Faster binary converter – where do your solutions come from?

October 24, 2006

Mitch Wheat is a great guy. He really is. And he's clearly a mathematician.

I mean, I did a half-major as part of my BSc, doing a handful of 3rd year Pure Maths subjects (which I got HDs in too – I wasn't just sleeping during class), but Mitch… he thinks like a mathematician. You can tell when he comes up with a solution like this for converting numbers to binary. Makes me wonder if this is something he came up with, or something he read in a book. Knowing Mitch, he came up with it himself. I'm in a bit of awe here. I feel like it's the kind of solution that I could've come up with once upon a time, and hopefully could still given the right colleagues and a whiteboard. 🙂

Let's come back to the 'solution read in a book' thing.

I remember sitting in a user-group meeting in Redmond in March. Itzik was speaking. He was talking about the use of CLR in SQL, and came across the Product aggregate function. There is no product() in T-SQL, and a lot of people have considered that it's a good candidate for CLR, since you can make a user-defined aggregate function this way. Itzik's lines were something like "And I was sure there was a good way of doing this without having to use CLR, so I got reading my maths books." He mentioned some of the names that I have a vague recollection of from my university days (which I have forgotten again so won't write here), and then said that he came across log(a*b) = log(a) + log(b). And of course, almost everyone in the room had light-bulbs appear.

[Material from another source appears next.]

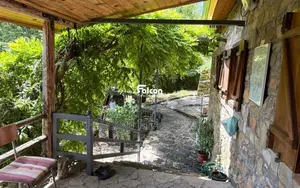 Shitet shtëpi private në Dardhë, Korçë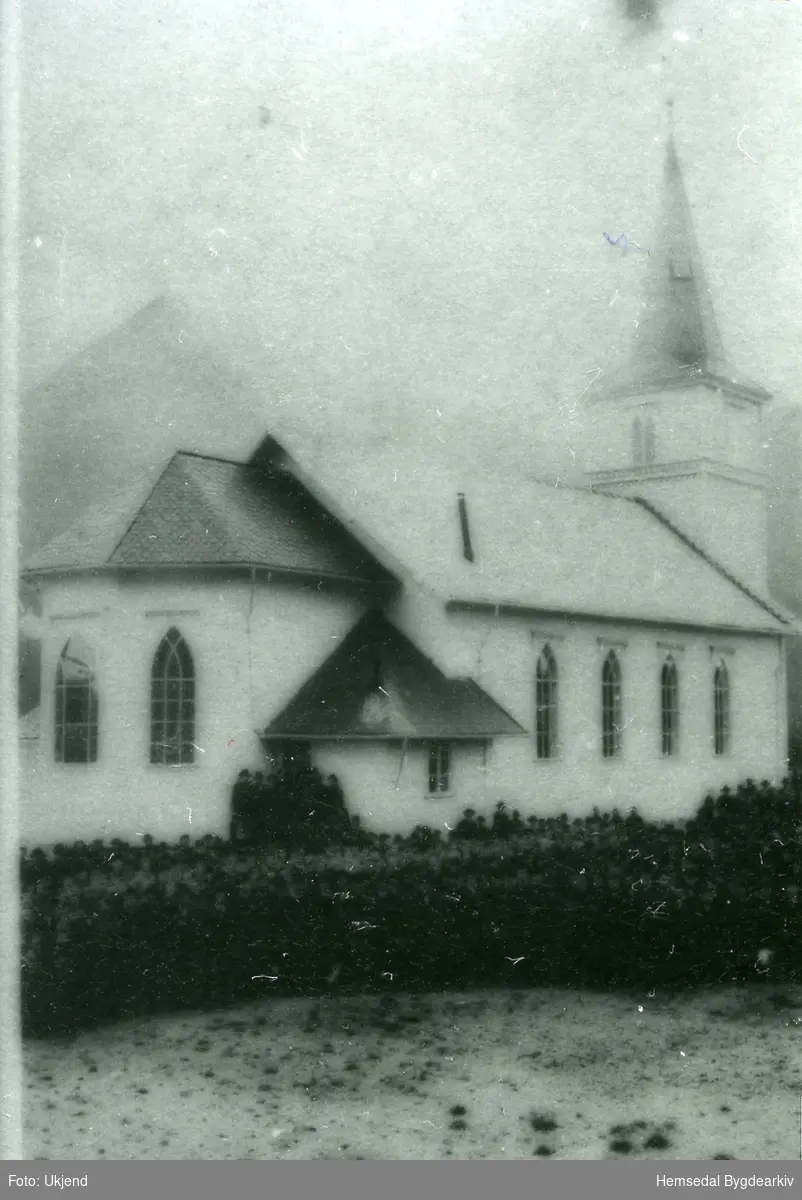 Hemsdal kyrkje. Fotografiet er truleg teke i samband med Amerikafesten i 1914.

I wasn't so much inspired by the fact that "here's this great way of solving the product question", but rather "here's a way of solving some miscellaneous thing, where the answer comes out of a maths book." And now I've found Mitch providing me with the same hunger to academise (that's not a word, but you know what I mean).

I nearly got into academia. Having done uni, I had offers to do a PhD. But I had a good job offer, and studying didn't seem like it was going to pay the bills. A large part of me would've liked to have done. I remember being a research assistant for Professor John Crossley at Monash, helping to write code (in CAM/L, using a Tcl/Tk interface) to try to convert mathematical proofs into computer programs (the idea being that if you can prove – using really fundamental principles – that for all x, there exists a number y that has particular properties, then that proof should be able to be converted 'automatically' into a program which will find that y). I found that fascinating. I don't know whether the theory ever got really proven, but I found academia really interesting.

And of course, in the 'real' world, the uses of academia are somewhat doubted. It was good to see a locknote session at Tech.Ed (AU) this year about some of the image processing stuff that Microsoft Research Labs are working on. But I'm also really curious to know about algorithms for solving interesting problems.

 

This Post Has One Comment

  1. Mitch Wheat

    Hi Rob

    Thanks for the kind words! I’ve used similar techniques in various guises for quite a few years (I’ve done a fair bit in the way of bit manipulation algorithms and assembler), but it is not a new technique. I can’t remember where I first saw something similiar. I suppose it is really just a one-to-one mapping.